Vision for Namespaces, Horizontal Scalability
As the OpenBao community starts development on Namespaces and the Horizontal Scalability Working Group has its kickoff, I wanted to take the opportunity to put forward a blog post describing how these two groups' work can compliment each other and provide an alternative path forward other than Vault Enterprise's Performance Secondary and Disaster Recovery clustering modes.
Scaling Read Operations
Most obviously, the first step for the Horizontal Scalability working group will be to allow standby nodes to service requests as described in our project direction & roadmap:
- Allow HA standby nodes to service read-only (from a storage modification PoV) requests. (scalability)
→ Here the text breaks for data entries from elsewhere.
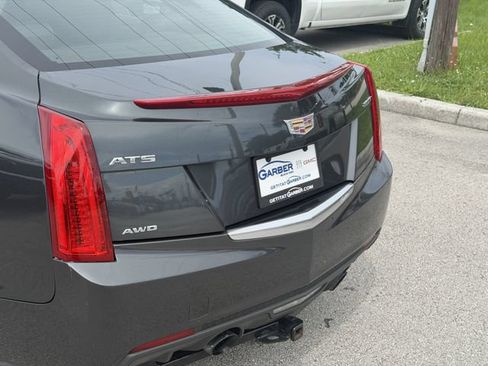Used 2017 Cadillac ATS 2.0T AWD Sedan image 10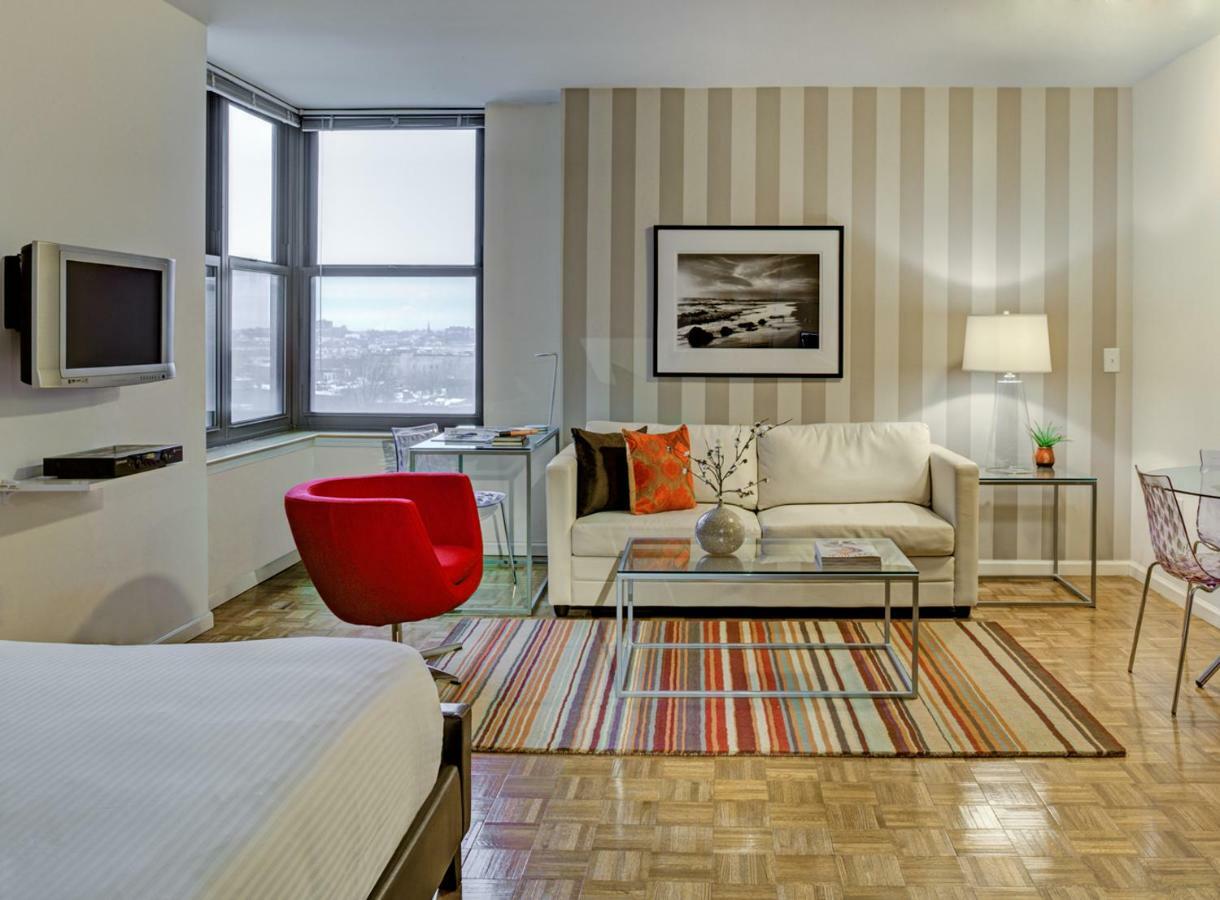 Furnished Quarters At Grove Pointe Jersey City Exterior foto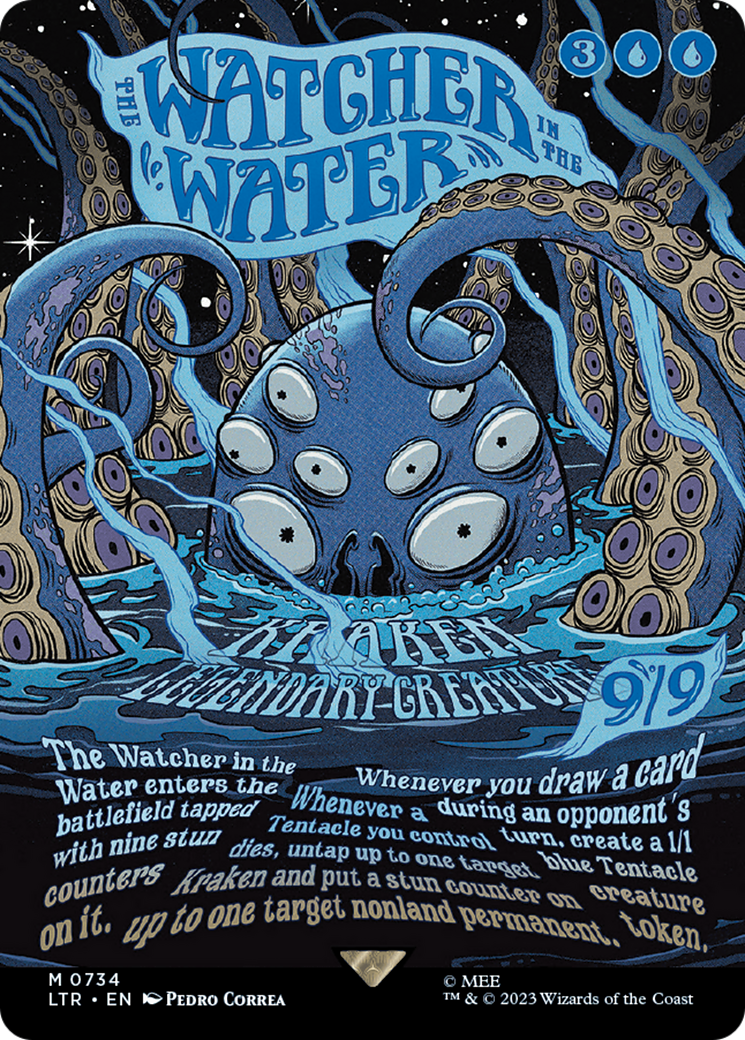 The Watcher in the Water (Borderless Poster) [The Lord of the Rings: Tales of Middle-Earth] | Good Games Modbury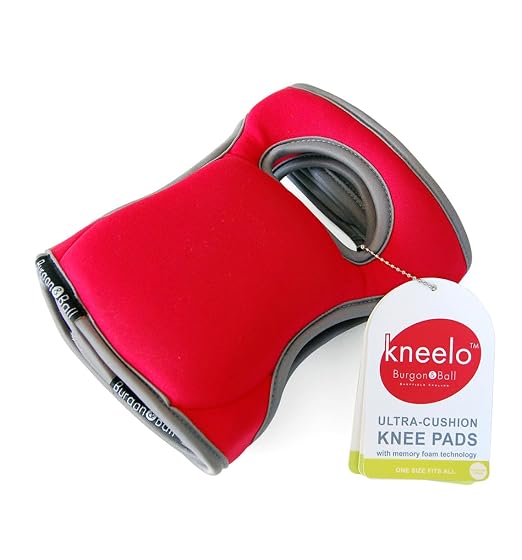 Burgon & Ball Kneelo Knee Pad, Poppy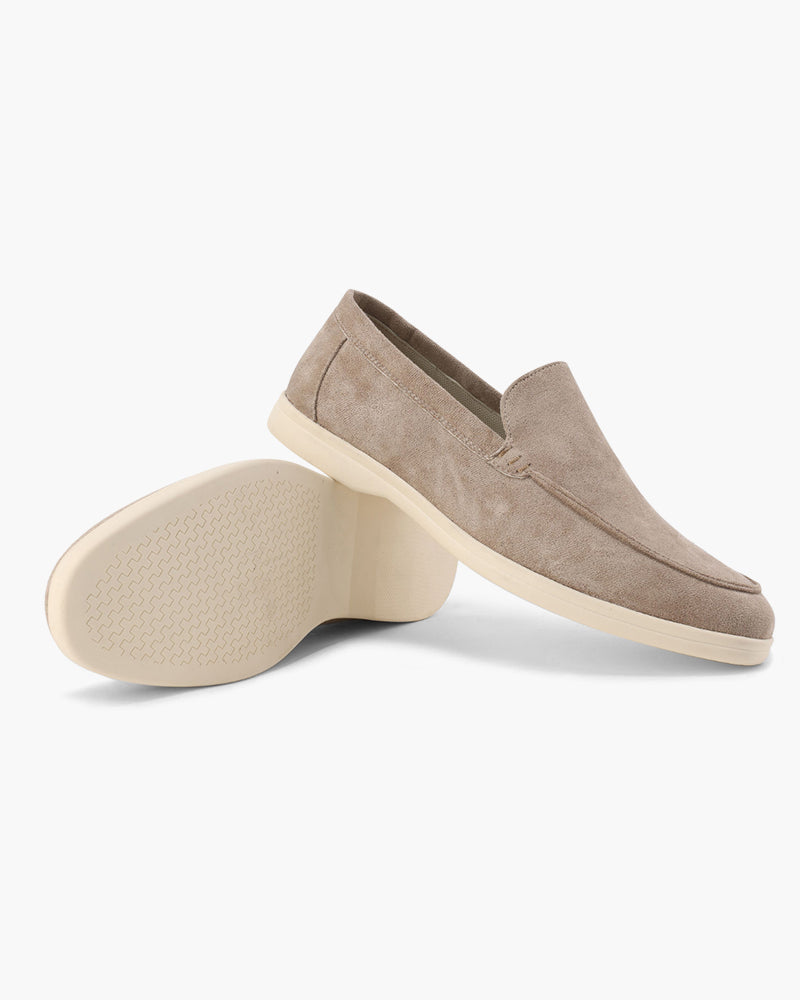 Stijlvolle Suede Instappers voor Heren - Jasper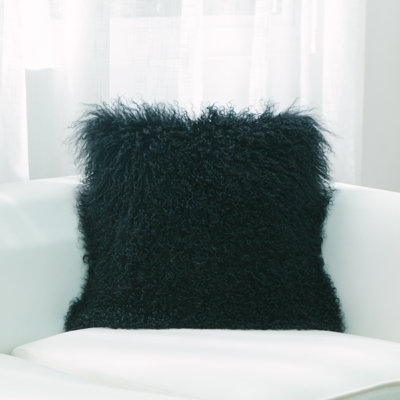 Housse et insert de coussin carré Mongolian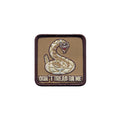 Rothco Don't Tread On Me Morale Patch - Tactical Choice Plus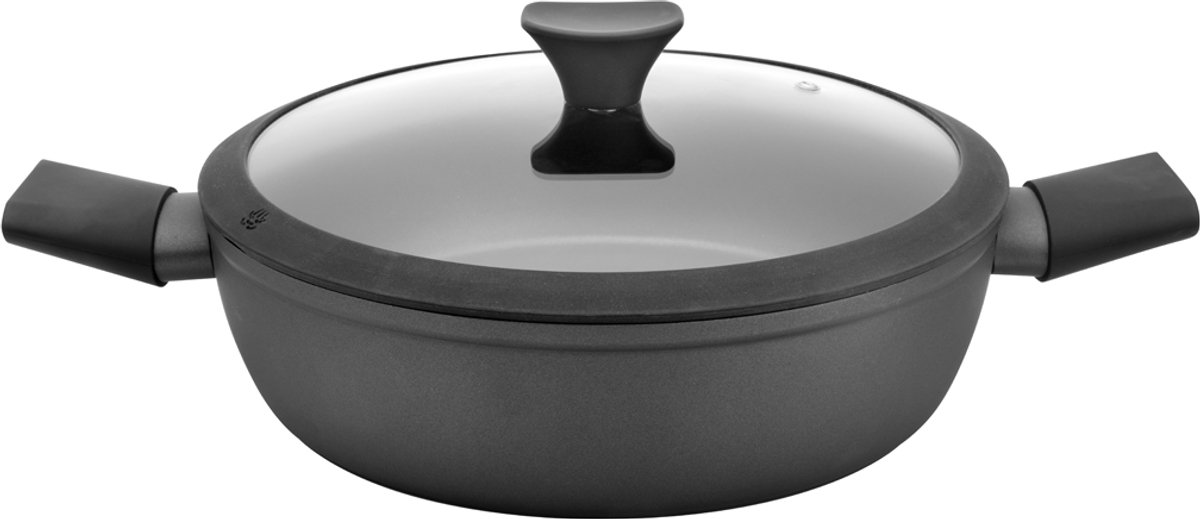 Florina Heston Aluminium Lage Pan 3L - 26cm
- Currently HA mode standby nodes forward all requests up to the active node, preventing horizontal scalability of OpenBao. Due to limitations in Raft (only the active node can perform storage writes), we can't immediately scale writes. Thus, start by bringing these nodes "online" (loading the mount table, plugins, &c) and allowing them to service read-only requests, returning
ErrReadOnly
on storage write operations to trigger automatic request forwarding.
The shortcoming of this is that writes are not scalable: there is still only
a single active writer node. Note that a read operation in this context refers
to any API request (of any operation type) that results only in get
or list
("read") storage operations. Any operations involving a storage write (put
or delete
) would be forwarded to the active node for processing.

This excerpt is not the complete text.